■ THE PROBLEM:
Restate each line of the listing exactly, without carrying over any pictures.

■ PROVIDED MATERIAL:
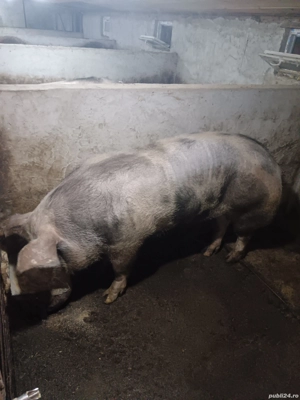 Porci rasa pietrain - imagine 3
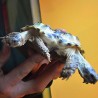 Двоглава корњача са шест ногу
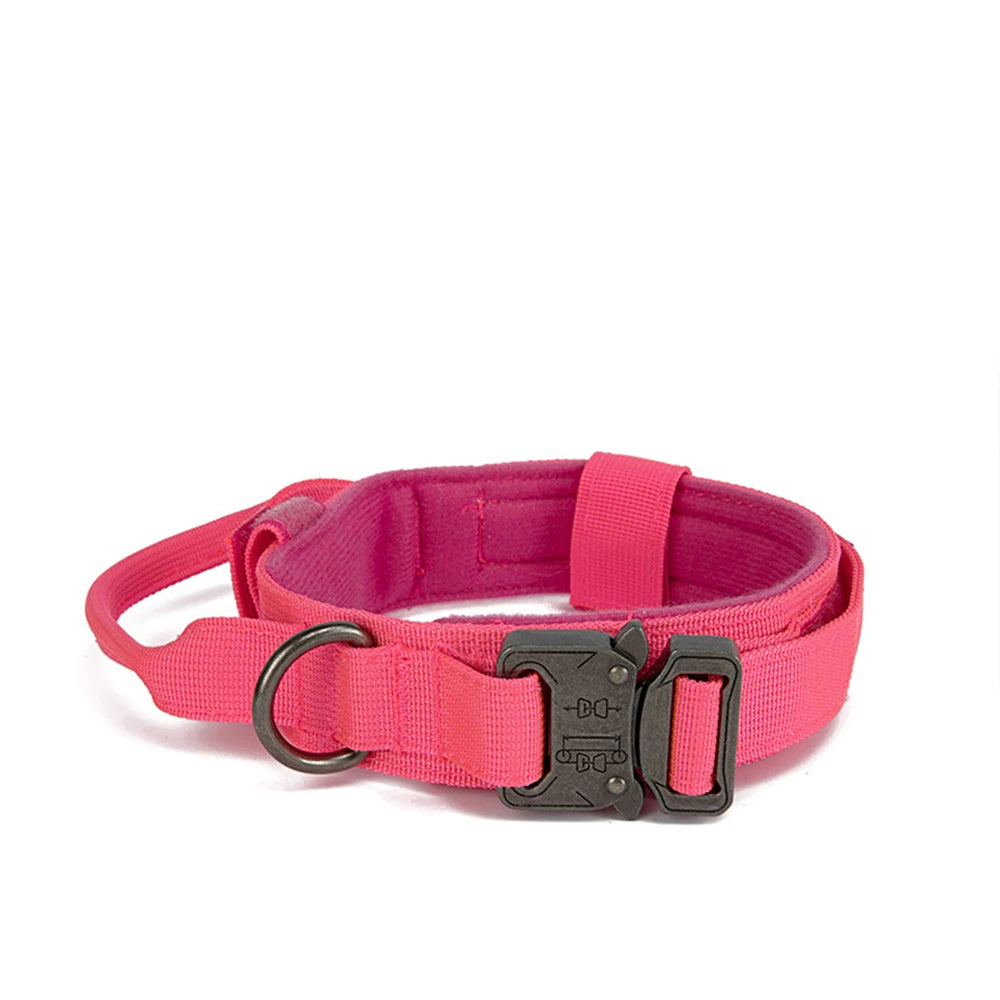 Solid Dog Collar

■ WRITTEN RESPONSE:
 Porci rasa pietrain - imagine 3
 Двоглава корњача са шест ногу
 Solid Dog Collar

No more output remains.